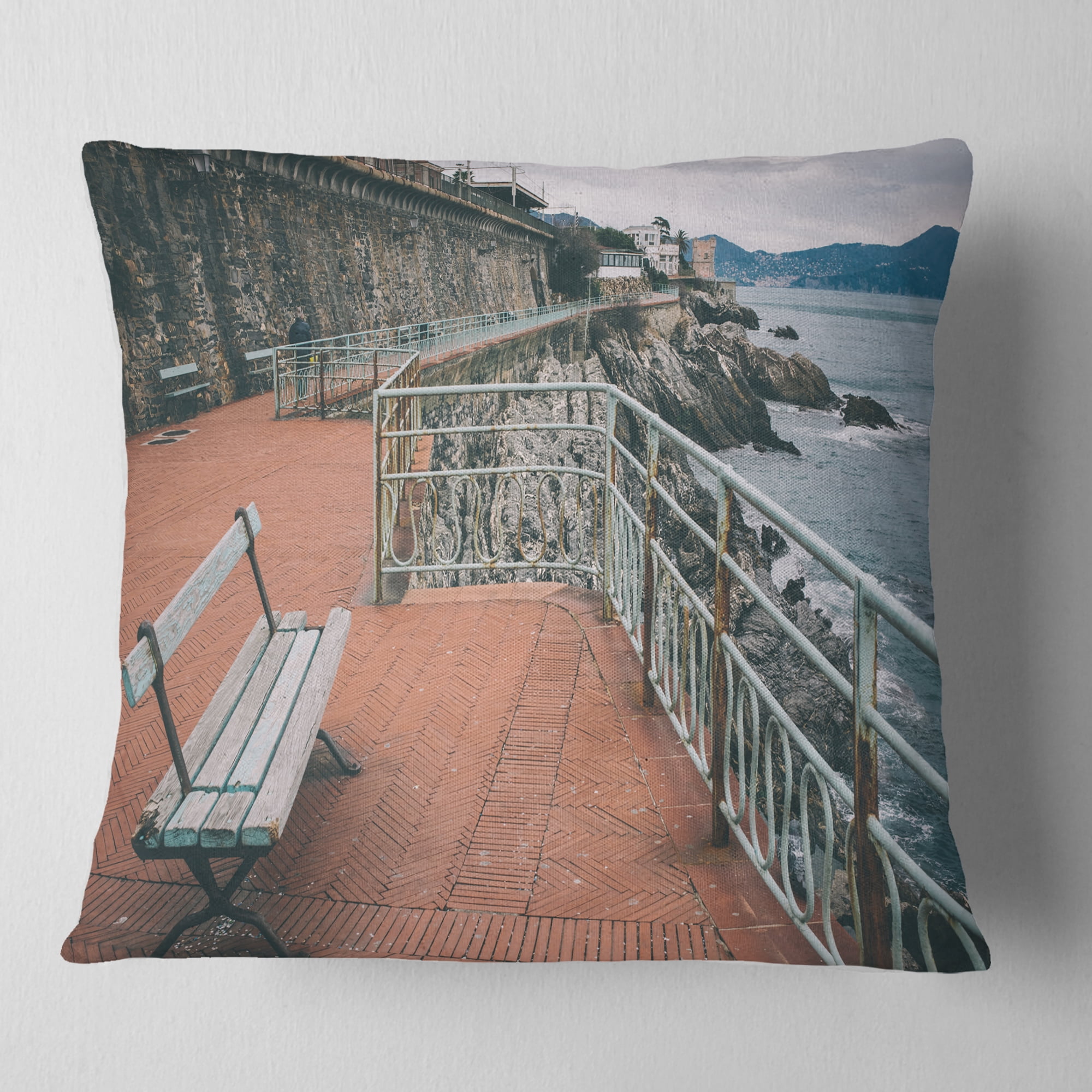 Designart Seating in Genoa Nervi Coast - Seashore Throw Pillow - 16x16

◆ ◆ ◆ ◆ ◆ ◆ ◆

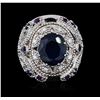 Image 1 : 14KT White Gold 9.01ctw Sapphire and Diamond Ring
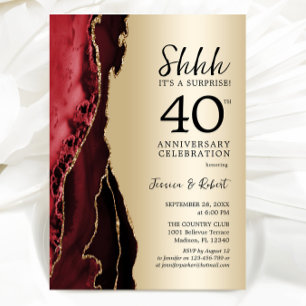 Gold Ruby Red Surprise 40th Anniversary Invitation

◆ ◆ ◆ ◆ ◆ ◆ ◆

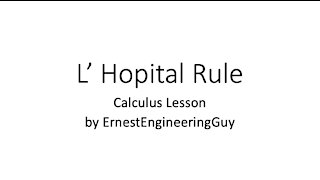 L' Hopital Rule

◆ ◆ ◆ ◆ ◆ ◆ ◆

Your task »
Transcribe exactly the lines above, beginning at the one with "Image 1 : 14KT" and going up to and including the one with "Gold Ruby Red". Pictures do not belong in the copy.

Answer section »
 Image 1 : 14KT White Gold 9.01ctw Sapphire and Diamond Ring
 Gold Ruby Red Surprise 40th Anniversary Invitation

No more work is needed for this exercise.